Esta intentona de amarre es grave. Es grave para los intereses genuinos del Estado y, por sobre todo, es grave para los chilenos.
El presidente Gabriel Boric y sus ministros tuvieron la oportunidad de cerrar su gobierno con un mínimo de dignidad política e institucional, luego de la aplastante derrota de la candidata de su continuidad, Jeannette Jara.
La ciudadanía fue clara y categórica. Sin embargo, y tal como ha sido la tónica de este mandato, el oficialismo optó por un camino distinto: estirar el poder hasta el último centímetro, sin pudor y sin comprensión del daño que ello provoca al Estado.
En lugar de facilitar una transición ordenada, este gobierno ha decidido jugar sus últimas cartas instalando su ya conocido “protocolo de amarre”.
Un verdadero gustito ideológico que, de manera insólita, se pretende incorporar en la ley de reajuste del sector público, desnaturalizando completamente su objetivo y utilizándola como una herramienta para poner piedras en la pista de aterrizaje del gobierno democráticamente electo que encabezará José Antonio Kast.
Durante los últimos días hemos escuchado —con una liviandad pasmosa— a los ministros del comité político hacer llamados a la calma, repitiendo que el 11 de marzo todos los funcionarios de confianza van a renunciar.
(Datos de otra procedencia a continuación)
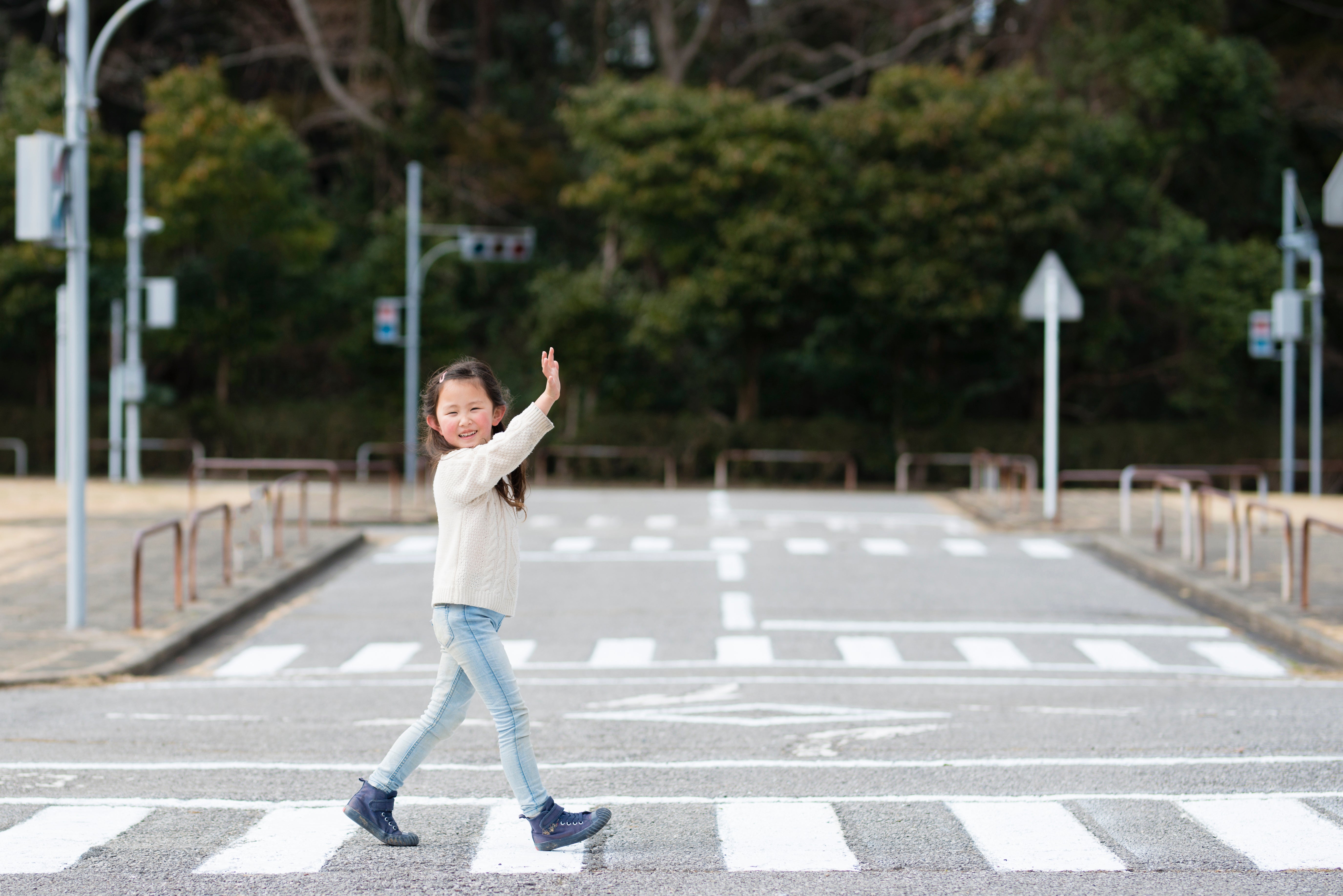 手を挙げて横断歩道を渡る子供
El problema es que esas declaraciones no resisten el más mínimo contraste con la experiencia real de quienes conocemos la administración pública desde dentro.
Existe una mala práctica al interior del Estado que, para algunos —entre quienes me incluyo— roza derechamente la falta de dignidad. Se trata de funcionarios políticos que llegaron con un gobierno, saben que su ciclo terminó, pero se niegan a dejar el cargo.
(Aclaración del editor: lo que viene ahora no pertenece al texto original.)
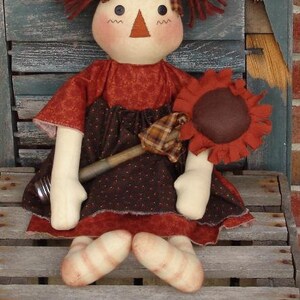 May include: A handmade rag doll with red yarn hair, a brown and white dress, and a brown sunflower in her hand.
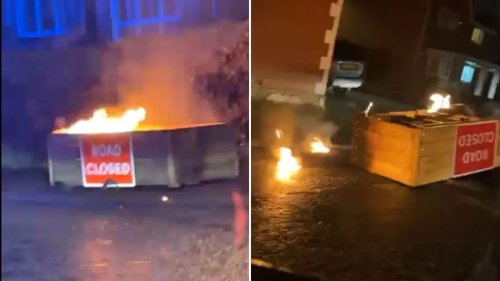 Moment barricades burn as they are set on fire just hours after being installed to improve road plagued with traffic
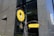 A decorative sign for a cafebar called 'GINZA 328' with a modern design is displayed against a backdrop of a large, reflective building with stone and glass elements. The sign features a bright yellow circular and rectangular design with artistic metalwork, depicting a steaming mug that suggests a welcoming environment.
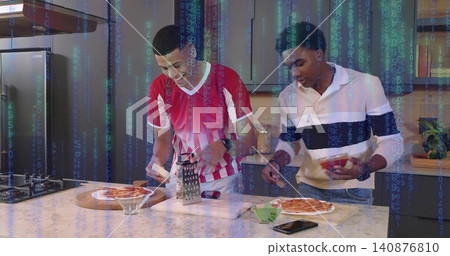 Two men in striped, banded tops grating, topping pizzas with box grater in kitchen, code overlay 140876810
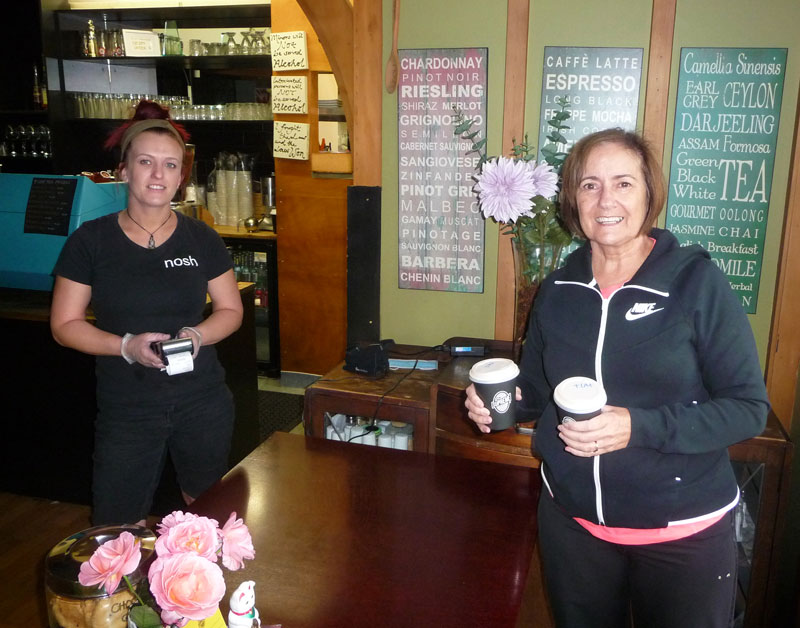 Sticking to contactless takeaway rules are Nosh staff member Kelsey Greer (left) and cafe regular...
¿El objetivo? Esperar la desvinculación formal por parte de la nueva autoridad para luego recurrir a la Contraloría General de la República y aguardar un pronunciamiento que, en muchos casos, termina ordenando la reincorporación y, por si fuera poco, el pago de las remuneraciones correspondientes al tiempo en que el funcionario dejó de prestar servicios. El presidente Gabriel Boric y sus ministros saben perfectamente de lo que estoy hablando.
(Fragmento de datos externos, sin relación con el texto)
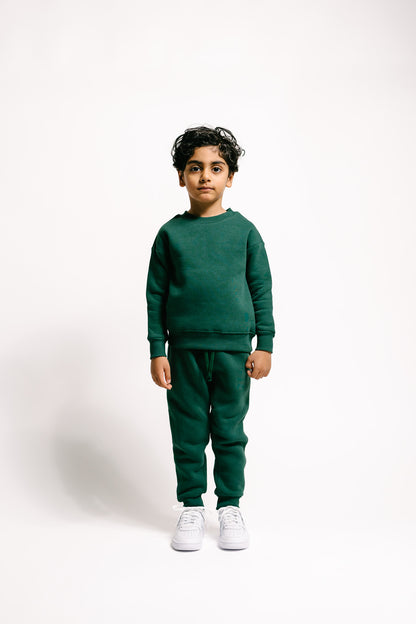 Unisex Kinder-Jogginghose in Bottle Green mit Taschen für Style und Komfort!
El criterio que el gobierno intenta institucionalizar de manera tan desvergonzada ya fue resuelto con total claridad por la Corte Suprema de Chile. En 2023, el máximo tribunal del país estableció que, en el caso de los funcionarios a contrata, el principio de confianza legítima opera recién después de cinco años. Insistir en forzar una interpretación distinta no solo es jurídicamente improcedente, sino políticamente irresponsable.
Esta intentona de amarre es grave. Es grave para los intereses genuinos del Estado y, por sobre todo, es grave para los chilenos. No es casualidad que voces técnicas como los economistas David Bravo y Vittorio Corbo hayan advertido públicamente sobre las consecuencias de avanzar hacia la inamovilidad de los funcionarios públicos. Convertir el empleo estatal en un espacio blindado, ajeno a la evaluación, a la gestión y a los resultados, es exactamente el camino contrario al que necesita el país.
Con todo, al margen del accionar poco elegante del gobierno saliente, la discusión de fondo que Chile debe dar va justamente en la dirección opuesta. Más que una mayor “estabilidad” laboral impuesta por la vía forzosa, el proceso de modernización y eficiencia que —más temprano que tarde— debe vivir el Estado, exige una revisión profunda del Estatuto Administrativo.
No se trata de retoques menores ni de ajustes sutiles al articulado, sino de una transformación sustantiva de la labor pública.
El objetivo debe ser claro: contar con funcionarios públicos eficientes, con metas reales, evaluaciones exigentes y responsabilidades concretas, de modo que el resultado final se refleje en un mejor servicio y una mejor atención para la ciudadanía. Todo lo demás es simplemente aferrarse al poder cuando ya se perdió. Y eso, en política y en la vida pública, tiene un nombre claro: una retirada indigna.